Laboratory of Functional and Metabolic Imaging (LIFMET), Ecole Polytechnique Fédérale de Lausanne, Lausanne, Switzerland.
Magn Reson Med. 2009 Oct;62(4):862-7. doi: 10.1002/mrm.22022.
Knowledge of T(1) relaxation times can be important for accurate relative and absolute quantification of brain metabolites, for sensitivity optimizations, for characterizing molecular dynamics, and for studying changes induced by various pathological conditions. (1)H T(1) relaxation times of a series of brain metabolites, including J-coupled ones, were determined using a progressive saturation (PS) technique that was validated with an adiabatic inversion-recovery (IR) method.

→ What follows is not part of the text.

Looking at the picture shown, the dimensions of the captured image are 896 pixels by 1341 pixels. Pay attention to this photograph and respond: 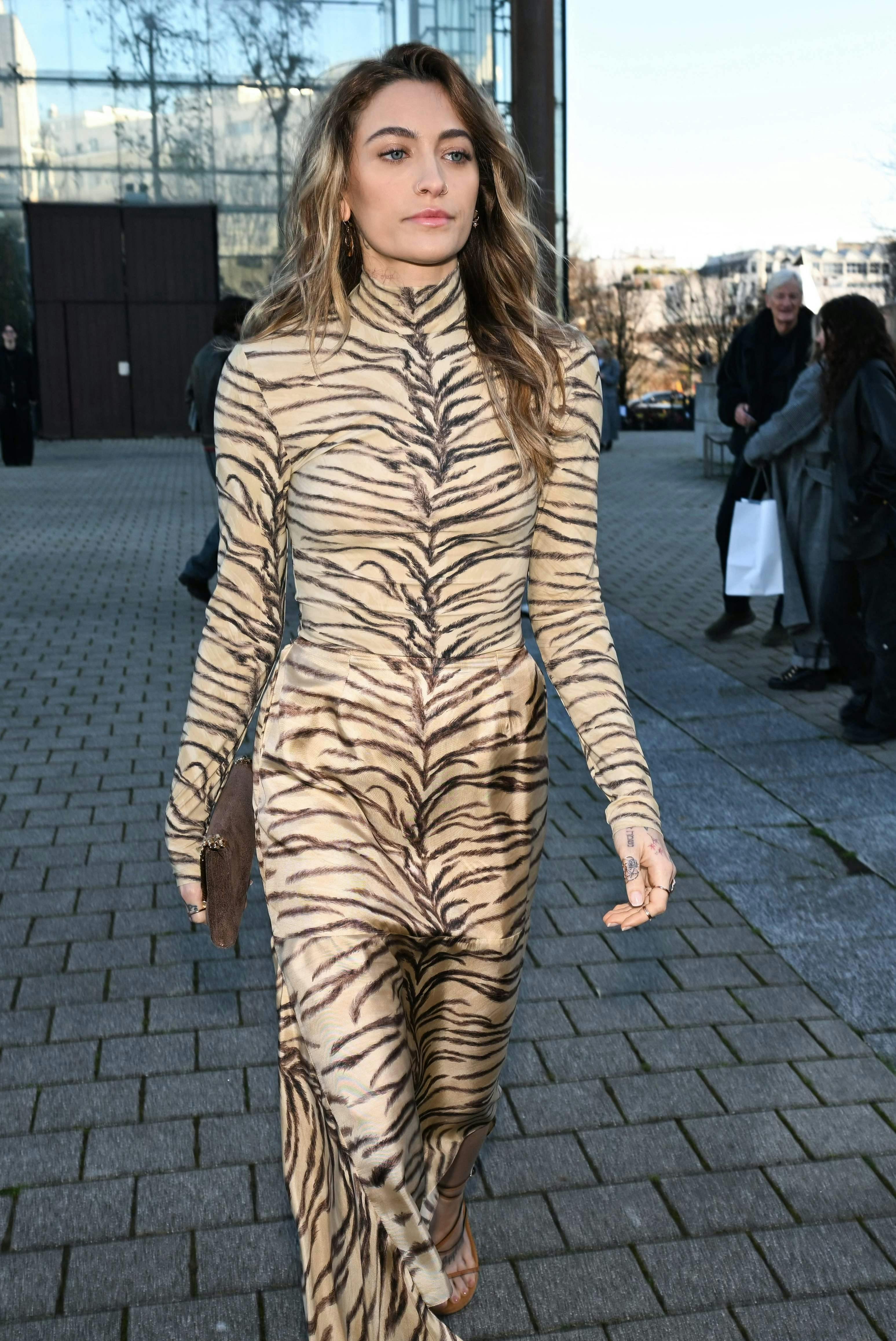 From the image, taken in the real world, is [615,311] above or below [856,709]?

The (1)H T(1) relaxation times of 16 functional groups of the neurochemical profile were measured at 14.1T and 9.4T. Overall, the T(1) relaxation times found at 14.1T were, within the experimental error, identical to those at 9.4T. The T(1)s of some coupled spin resonances of the neurochemical profile were measured for the first time (e.g., those of gamma-aminobutyrate [GABA], aspartate [Asp], alanine [Ala], phosphoethanolamine [PE], glutathione [GSH], N-acetylaspartylglutamate [NAAG], and glutamine [Gln]). Our results suggest that T(1) does not increase substantially beyond 9.4T. Furthermore, the similarity of T(1) among the metabolites (approximately 1.5 s) suggests that T(1) relaxation time corrections for metabolite quantification are likely to be similar when using rapid pulsing conditions. We therefore conclude that the putative T(1) increase of metabolites has a minimal impact on sensitivity when increasing B(0) beyond 9.4T.

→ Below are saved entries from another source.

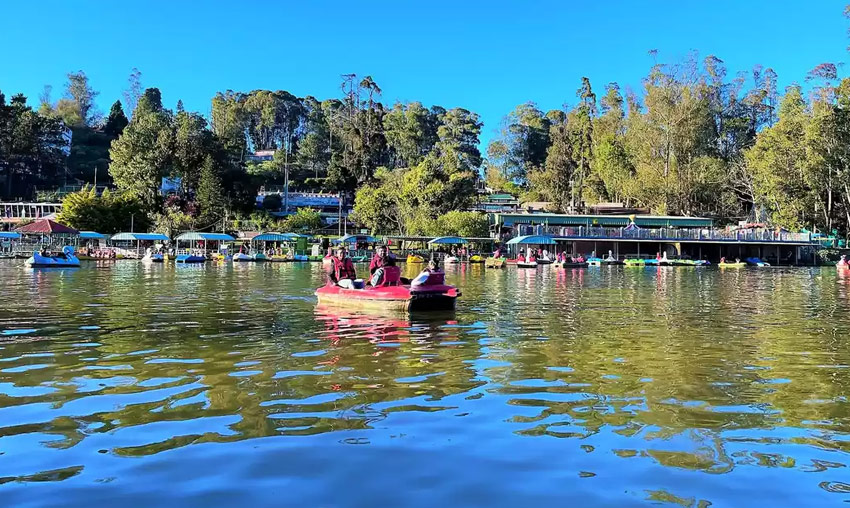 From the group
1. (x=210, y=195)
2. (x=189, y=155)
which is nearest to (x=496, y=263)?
(x=210, y=195)

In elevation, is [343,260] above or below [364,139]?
below

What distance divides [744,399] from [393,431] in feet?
13.4

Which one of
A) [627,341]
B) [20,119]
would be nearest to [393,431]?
[627,341]

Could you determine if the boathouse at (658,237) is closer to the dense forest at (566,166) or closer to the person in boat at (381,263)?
the dense forest at (566,166)

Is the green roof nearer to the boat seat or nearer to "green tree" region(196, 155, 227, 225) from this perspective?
"green tree" region(196, 155, 227, 225)

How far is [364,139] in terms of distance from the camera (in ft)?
282

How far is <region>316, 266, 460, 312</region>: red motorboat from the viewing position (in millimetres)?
15406

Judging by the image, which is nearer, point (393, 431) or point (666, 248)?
point (393, 431)

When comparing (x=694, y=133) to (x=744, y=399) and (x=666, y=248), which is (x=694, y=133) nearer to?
(x=666, y=248)

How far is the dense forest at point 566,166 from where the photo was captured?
2447 inches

T1 弛豫时间的知识对于脑代谢物的准确相对和绝对定量、灵敏度优化、分子动力学特征描述以及研究各种病理条件引起的变化非常重要。(1)H T1 弛豫时间使用逐步饱和(PS)技术确定,该技术使用绝热反转恢复(IR)方法进行验证。在 14.1T 和 9.4T 下测量了神经化学特征的 16 个功能组的(1)H T1 弛豫时间。总体而言,在实验误差范围内,14.1T 下测量的 T1 弛豫时间与 9.4T 下的弛豫时间相同。神经化学特征的一些偶联自旋共振的 T1 首次被测量(例如 GABA、Asp、Ala、PE、GSH、NAAG 和 Gln 的 T1)。我们的结果表明,T1 不会在 9.4T 以上大幅增加。此外,代谢物之间 T1 的相似性(约 1.5s)表明,在使用快速脉冲条件时,代谢物定量的 T1 弛豫时间校正可能相似。因此,我们得出结论,当 B0 增加到 9.4T 以上时,代谢物的假定 T1 增加对灵敏度的影响最小。